Take two companies for instance, that have complimentary businesses and decide that they want to advertise together to bring in more revenue. As with any Alliance, each company has its strength and weaknesses. One has better cash flow but the other has more visibility. They must determine how the marketing venture is going to work. Will the Alliance cover any and all marketing or just the publications that they choose one by one? Will the Alliance be allowed to grow into other areas or just stay with Marketing? In addition, how will they advertise? Together, they must decide if they will use one name or both. If they are in two separate and distinct locations, whose phone number will they use? What about location? How will they distribute the phone calls? How will the profits from the advertising be split? What if one’s services are needed more than the others?

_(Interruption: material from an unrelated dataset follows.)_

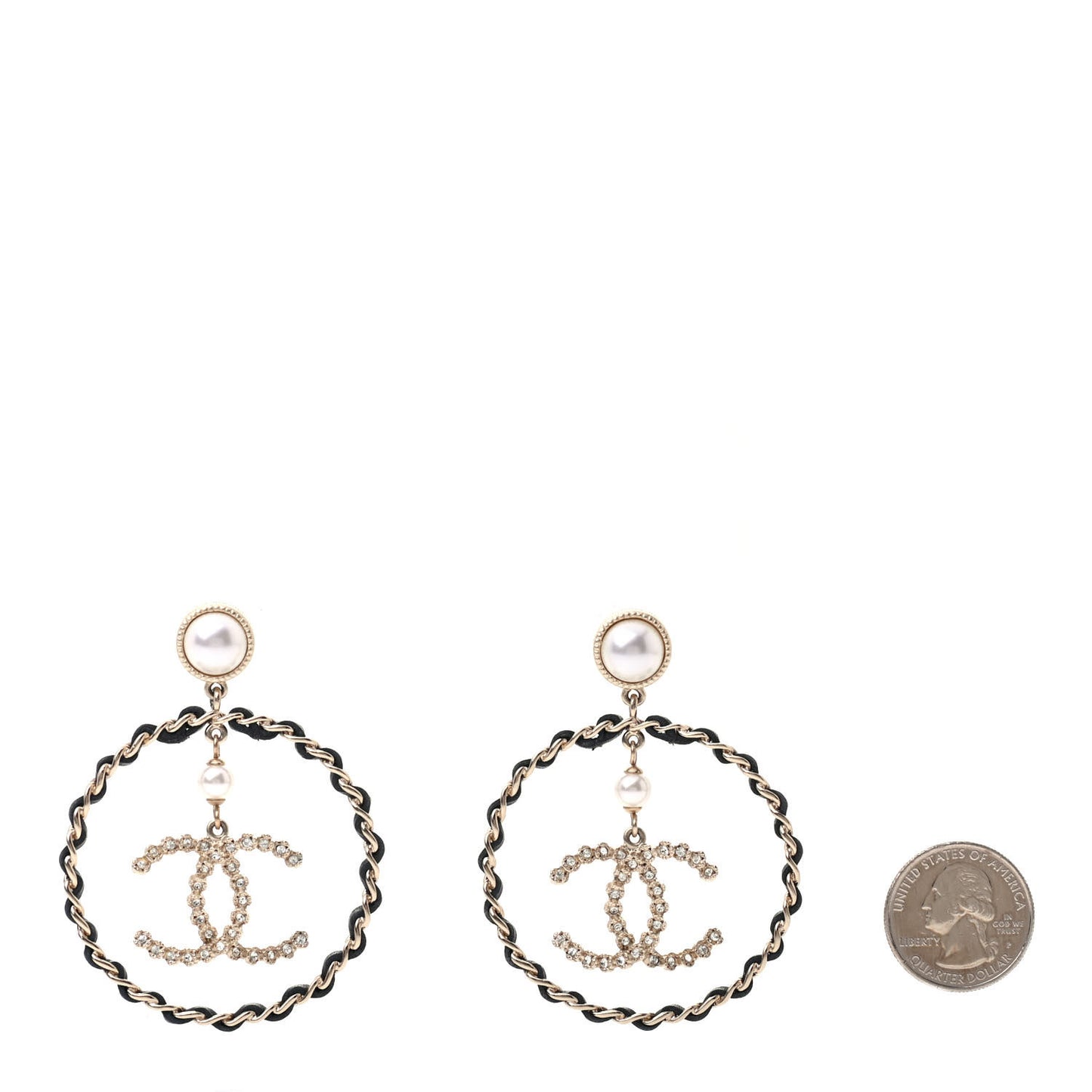Lambskin Crystal Pearl CC Chain Hoop Earrings Gold Black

Trust and communication are the only way to construct a good Alliance contract. Understanding this answers the legal question of consideration and helps to define the nature of the agreement. If the first business has more cash flow, it can certainly advertise by itself. However, the second business’ services are requested more often, and the first company does not provide such a service. But because the second company does not have the money to do the type of advertisement needed, and the first company wants to increase revenues, they choose to join in advertisement. Knowing this, one company will be doing most of the work, but it would not have the work if it were not for the other’s financial capabilities.

Alliances are difficult creatures. Most businesses have formed only one Alliance and if they are lucky two. An honest discussion regarding expectations and desires can save you from entering a contract that would ultimately hurt your company. If you do not feel that you can trust the company that you are working with, then you are sure to have legal disputes down the road. Businesses choose Alliances to improve the company or the product but rarely recognized that Alliances are not designed just to benefit one company but the other as well. Hopefully, this will get you moving in the right direction when it comes to forming Strategic Alliances. Many decisions are both management and legal and you must seek help when making formal arrangements.

This article provides general information.
This article does not provide legal advice about specific legal problems.
Consult an attorney about your particular situation.